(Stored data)
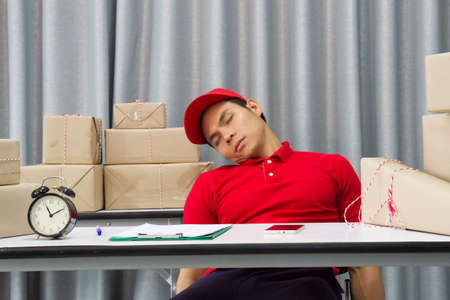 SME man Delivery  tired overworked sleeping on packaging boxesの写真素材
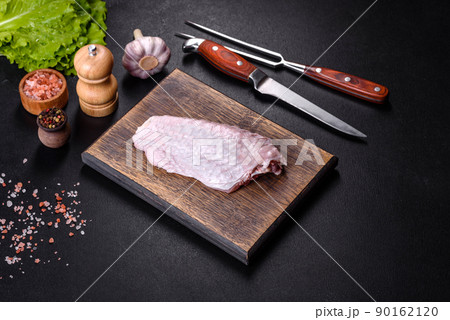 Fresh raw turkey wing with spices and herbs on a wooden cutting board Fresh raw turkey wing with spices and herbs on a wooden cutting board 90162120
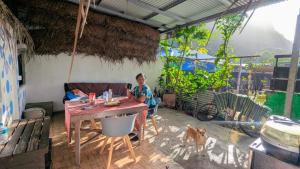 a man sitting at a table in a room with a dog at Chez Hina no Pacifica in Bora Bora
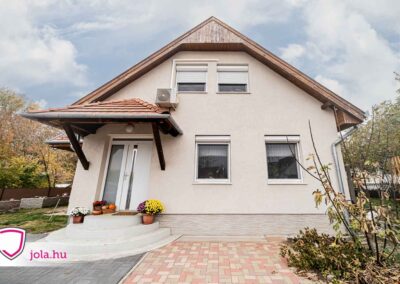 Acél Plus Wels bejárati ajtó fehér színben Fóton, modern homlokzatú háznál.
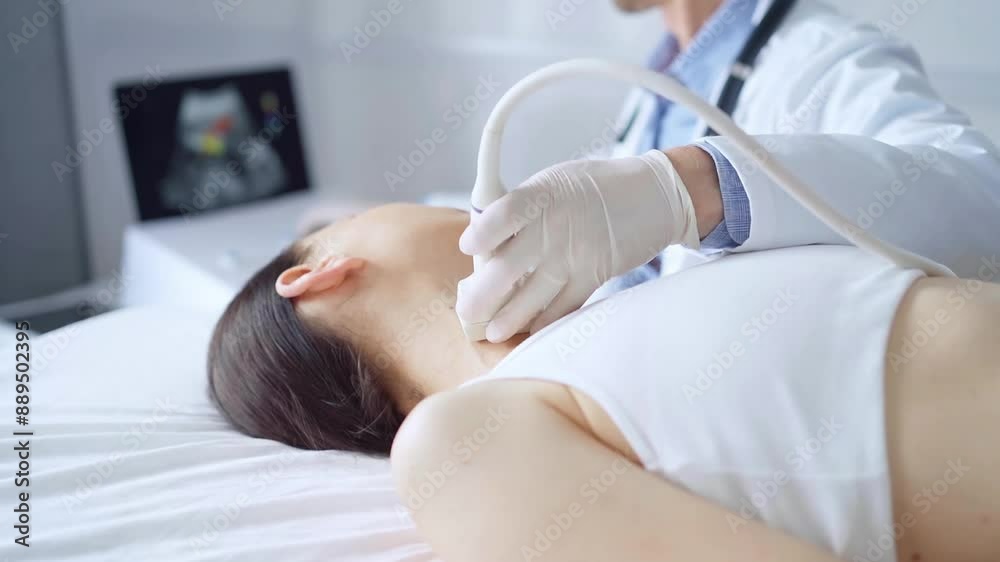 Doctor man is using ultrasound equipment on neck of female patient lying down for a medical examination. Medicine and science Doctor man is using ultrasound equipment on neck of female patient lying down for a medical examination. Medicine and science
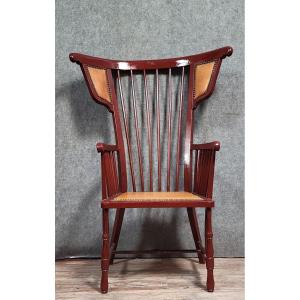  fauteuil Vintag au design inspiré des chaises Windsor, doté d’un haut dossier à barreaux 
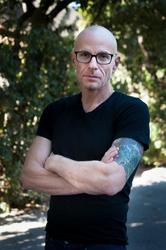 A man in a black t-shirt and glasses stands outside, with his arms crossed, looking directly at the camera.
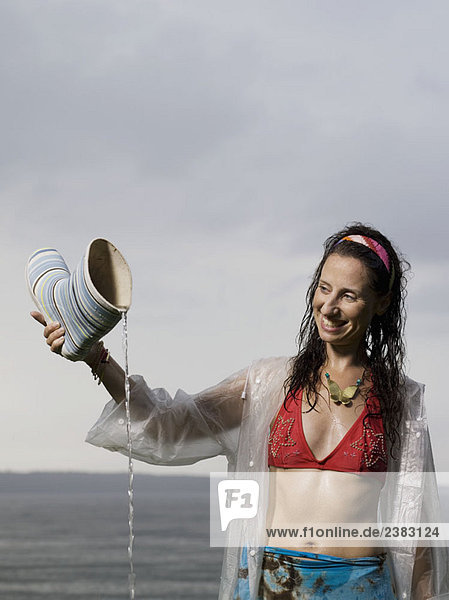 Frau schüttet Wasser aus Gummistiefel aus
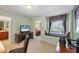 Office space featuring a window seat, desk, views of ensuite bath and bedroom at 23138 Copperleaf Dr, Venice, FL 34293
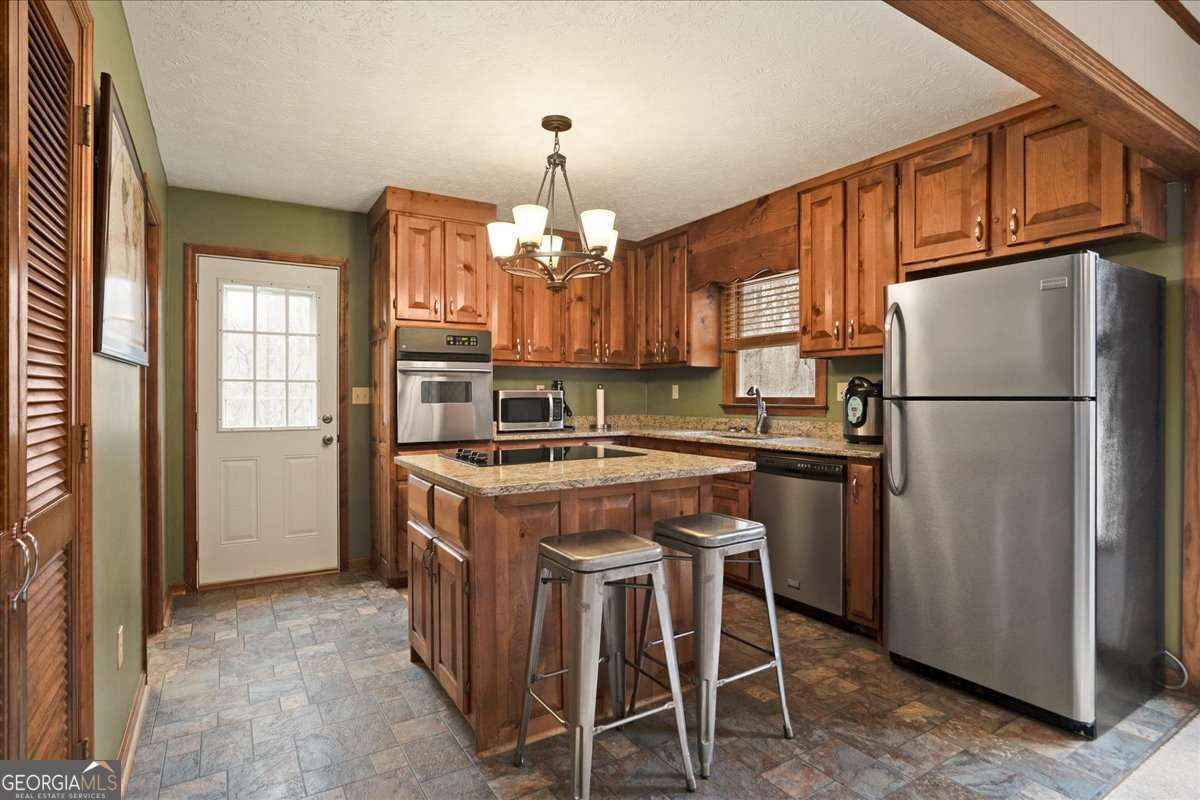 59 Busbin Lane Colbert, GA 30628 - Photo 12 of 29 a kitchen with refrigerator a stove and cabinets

Task details =>
The answer is the full set of records printed exactly, less the pictures.

Answer below =>
 SME man Delivery  tired overworked sleeping on packaging boxesの写真素材
 Fresh raw turkey wing with spices and herbs on a wooden cutting board Fresh raw turkey wing with spices and herbs on a wooden cutting board 90162120
 a man sitting at a table in a room with a dog at Chez Hina no Pacifica in Bora Bora
 Acél Plus Wels bejárati ajtó fehér színben Fóton, modern homlokzatú háznál.
 Doctor man is using ultrasound equipment on neck of female patient lying down for a medical examination. Medicine and science Doctor man is using ultrasound equipment on neck of female patient lying down for a medical examination. Medicine and science
  fauteuil Vintag au design inspiré des chaises Windsor, doté d’un haut dossier à barreaux 
 A man in a black t-shirt and glasses stands outside, with his arms crossed, looking directly at the camera.
 Frau schüttet Wasser aus Gummistiefel aus
 Office space featuring a window seat, desk, views of ensuite bath and bedroom at 23138 Copperleaf Dr, Venice, FL 34293
 59 Busbin Lane Colbert, GA 30628 - Photo 12 of 29 a kitchen with refrigerator a stove and cabinets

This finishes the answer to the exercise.